Updated: Sep 14, 2019

A book I fell in love with last summer was, The Little Hummingbird, retold and illustrated by the internationally renowned Haida artist, Michael Nicoll Yahgulanaas. It’s an African tale complimented with west coast Indigenous illustrations. It had a clear message and was easily relatable to everyone, especially children. Little did I know, it would have such an impact on our school community.

Early in the school year, during a staff meeting, the principal addressed the ongoing litter problem on our school grounds. Inspired by a student support worker’s effort many years before and with the Little Hummingbird fresh in my mind, I volunteered to take on the school wide problem.

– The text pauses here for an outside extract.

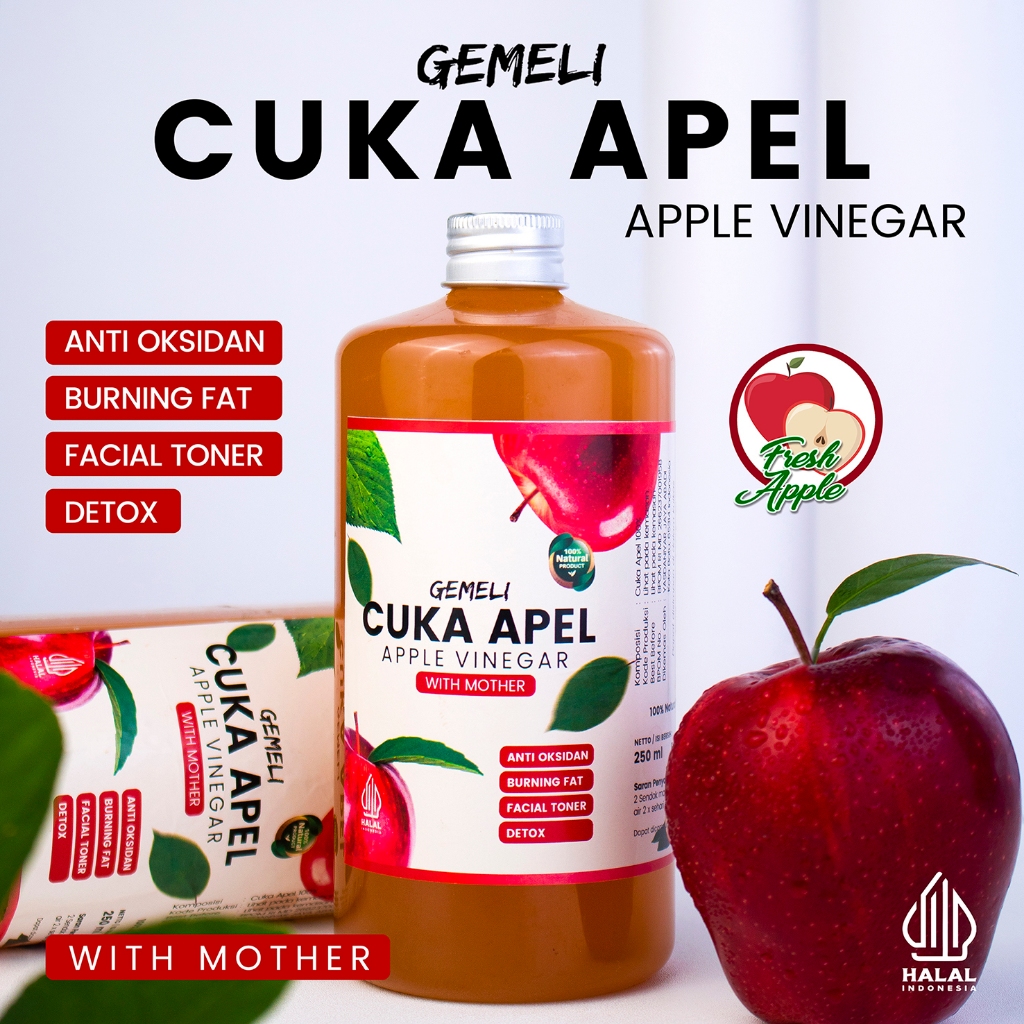 Cuka Apel With Mother 500ml Organik Murni Untuk Kesehatan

Many years ago, I had a wonderful student support worker. She worked with a boy with autism and looked for social opportunities during recess and lunch. She created a friendship group called, “The Clean Team,” because the little boy was passionate about taking care of the environment. Like-minded students, “environmentalists,” were asked to help the little boy collect litter in the primary playground, using tongs and buckets. The group was successful and easy to maintain.

Now, fast forward to last year, when I took on the school-wide garbage problem. I began the endeavor by reading the story, The Little Hummingbird, to my grade two class. We looked for connections and real-life applications, (see my unit I designed with these lessons.) We also wrote a script based on the tale, to perform as a reader’s theater activity. I approached my most dramatic students and asked them to perform the play at the next school assembly when I launched “The Green Team.”

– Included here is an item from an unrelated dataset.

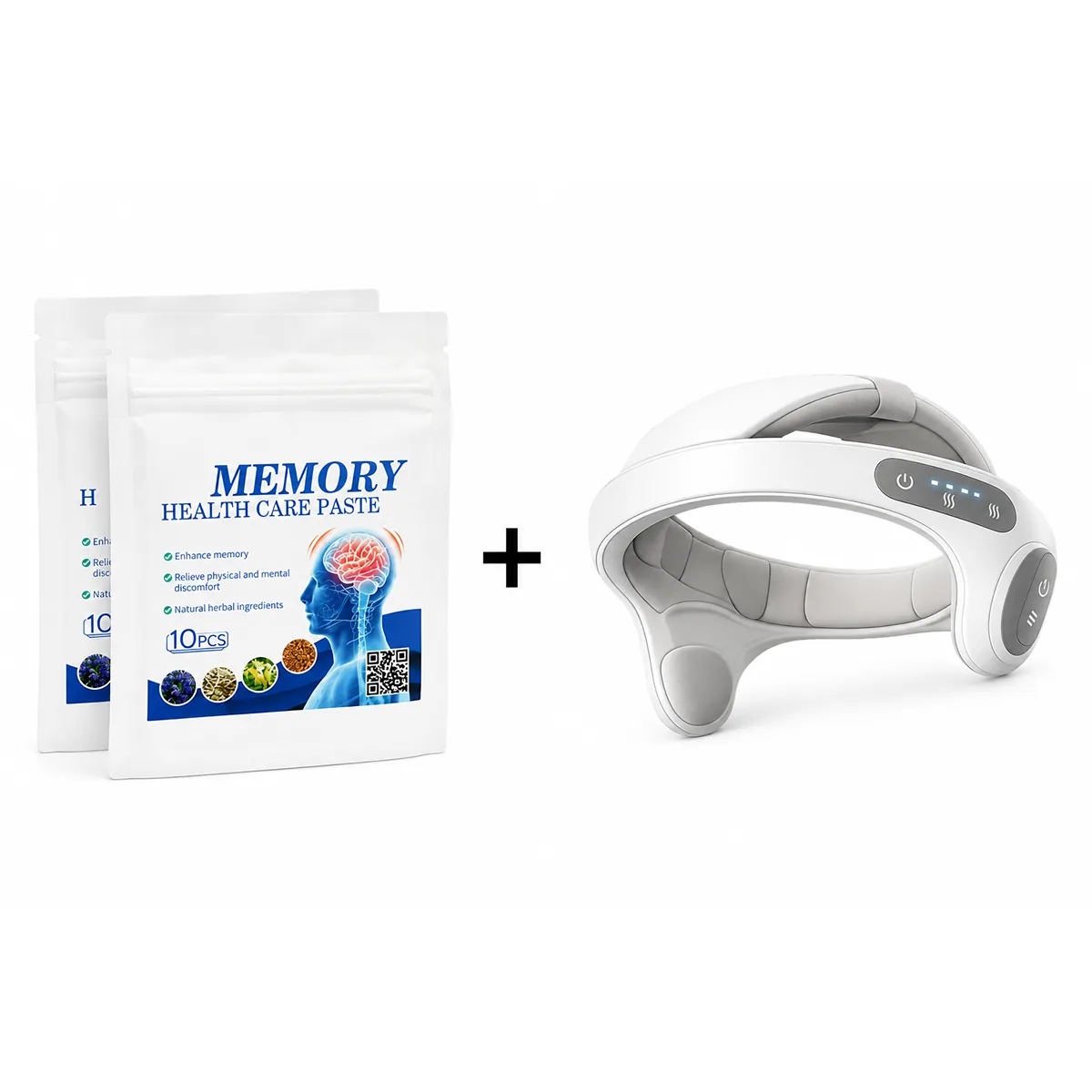 The Emberton Kit — Memory Health Care patches plus a white scalp massager instrument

The play was a success. The grade twos were so proud of themselves as they drummed up a lot of enthusiasm for the “Green Team.”

The Green Team was open to primary students. And with the hummingbird as our symbol, and the idea that even the smallest students could make a difference, students raced to sign up for recess and lunch duty. They wore special rain jackets, used buckets and tongs and took their jobs very seriously. Initially, the number of students who wanted to participate was more than the weekly sign up sheet could accommodate. And within days, there wasn’t enough litter on the school grounds to keep them busy! Supervising staff even spotted some students picking up garbage already in the garbage cans. (I’m guessing they were completing for the most?) However, after a few months, the number of volunteers dropped, and that’s when I noticed something incredible…

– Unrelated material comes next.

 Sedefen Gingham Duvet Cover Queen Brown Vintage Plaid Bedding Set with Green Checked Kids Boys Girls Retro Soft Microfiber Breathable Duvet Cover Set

The Green Team began to attract students who either: (a) really cared about the environment, (b) enjoyed helping the school community and took their job seriously, or (c) found socializing at recess and lunch very difficult and now had an alternative. Not to knock the “Buddy Bench” but… there is only so many times a child can repeatedly sit there before that becomes their regular recess and lunch experience.

In the end, the Green Team was a complete success! The school grounds were clean, students who needed a social alternative had a purpose, and the idea of contributing to the school community and helping the environment was the driving motivator for many. Plus, depending how you look at it, the best part was that it required very little effort on my part to maintain the club. Win, win, win!

** Thank you, Sharon Bool, for your enthusiasm and inspiration throughout our years working together!